So it was my first time as a judge for the event. This was back in 2012. I’m in one of the shops, about a third of the way through the event, when I’m approached by a somewhat cute brunette. She is dressed in a cool leather jacket and tight slacks. She looks very fashionable. Perfect for an event like this. She’s maybe thirty. What struck me most about her was her hair. She wore the rare “stacked bob.” You really don’t see many women rocking this style. Best thing about it is, it’s really unique. People will remember a chick with that cut. She also was carrying a nice camera and taking a lot of photos. She said she was covering the event for Philadelphia Weekly. (A piece of shit print publication, that no one reads anymore. It’s better utilized as a birdcage liner or wrapping your fish up in.)

“You look like you know where you’re going, mind if I tag along?”

I tell her sure, because I could use the company of an attractive photographer and tasting partner. I tell her that I’m a judge for the event. We exchange formalities and get moving. I’ve got the list and she’s helping find each place.

It made it way more fun to have a girl with me on this little journey.

We’re hitting each spot and getting to know each other along the way. The clock is ticking and I’m really trying to get through the whole show. By the end, we were literally running to the last couple of places. It was a fun challenge.

We missed a few along the way but as miracles would have it I actually remember the last cocktail I tasted.

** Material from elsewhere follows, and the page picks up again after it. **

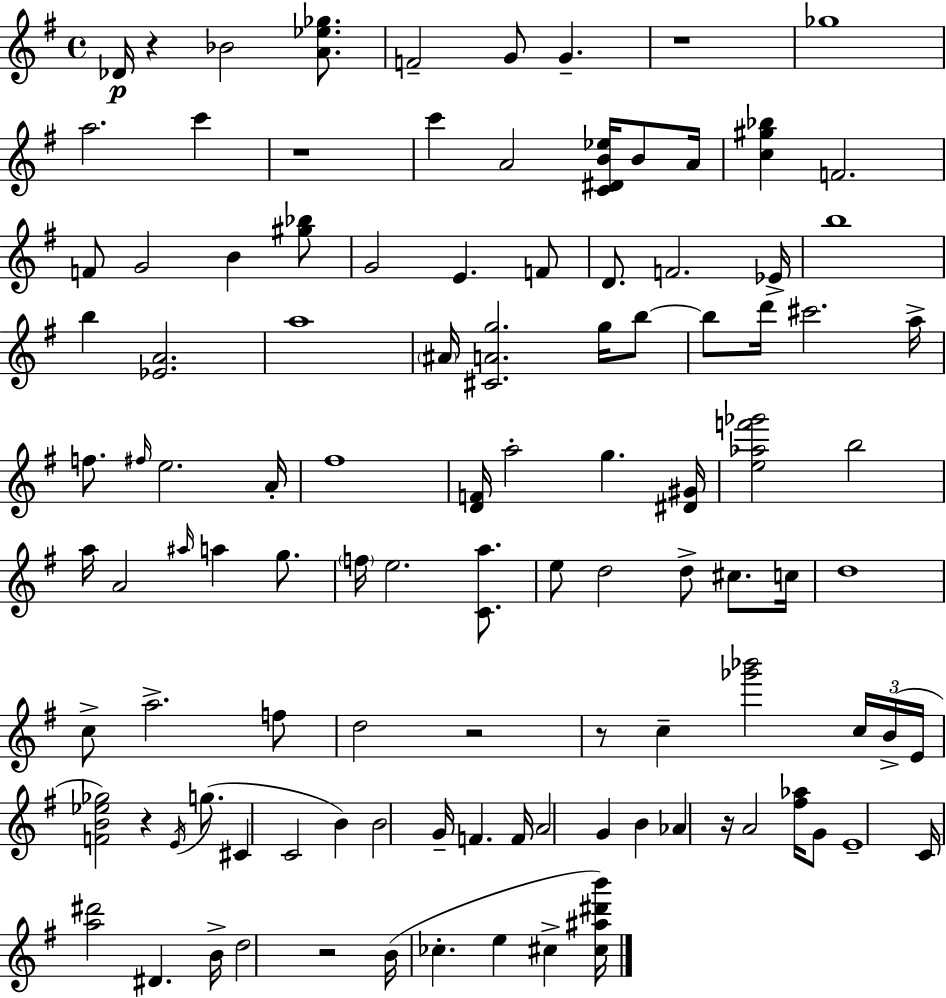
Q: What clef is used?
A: treble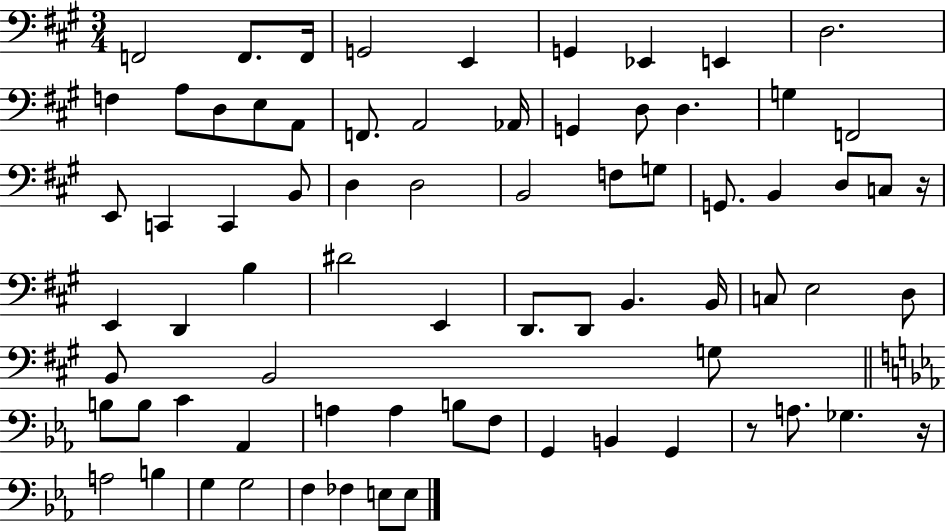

So I couldn’t have been that banged up. We were in Nicole Miller in the Bellevue Stratford on Broad street. The drink was a whiskey infused cocktail where the rim of the glass was made of Smores. You could actually bite the edge of the cup and eat it. It was called”Ghost of the Campfire” due to its sweet but smoky taste. To me, it was the clear winner.

Kylie and I had a great time together that night. We ended up walking over to Ocean Prime at 15th and Sansom. We sat at the bar and sipped one final drink. We chatted and exchanged business cards. I remember her phone screen was really cracked, which was the birth of this line, “I see your screen is cracked. Is that in style now?” I see so many busted screens these days.

Why won’t these people purchase cases for their phones? It’s essential for a bit of technology that none of us can no longer live without.

I kind of liked her and thought she was attractive so I was going to try to see her again. I could use some ruse about coming to an event with me. We parted ways and I told her I’d reach out to her in the near future.

I think I did on Facebook or text, but nothing ever came of it. I did see her maybe six months later when I was at an event in Old City. She shared studio space with another photographer down there. But I was inside a building when I saw that familiar stacked bob walking down 2nd street. By the time I would have gotten through the crowd and got outside, she would have been down the end of the block by then.

Little did I know at the time how Kylie would re-enter my life in the near future. I will write about her again, but she won’t make another appearance in this story for a while.

Oh, and she has world-class legs…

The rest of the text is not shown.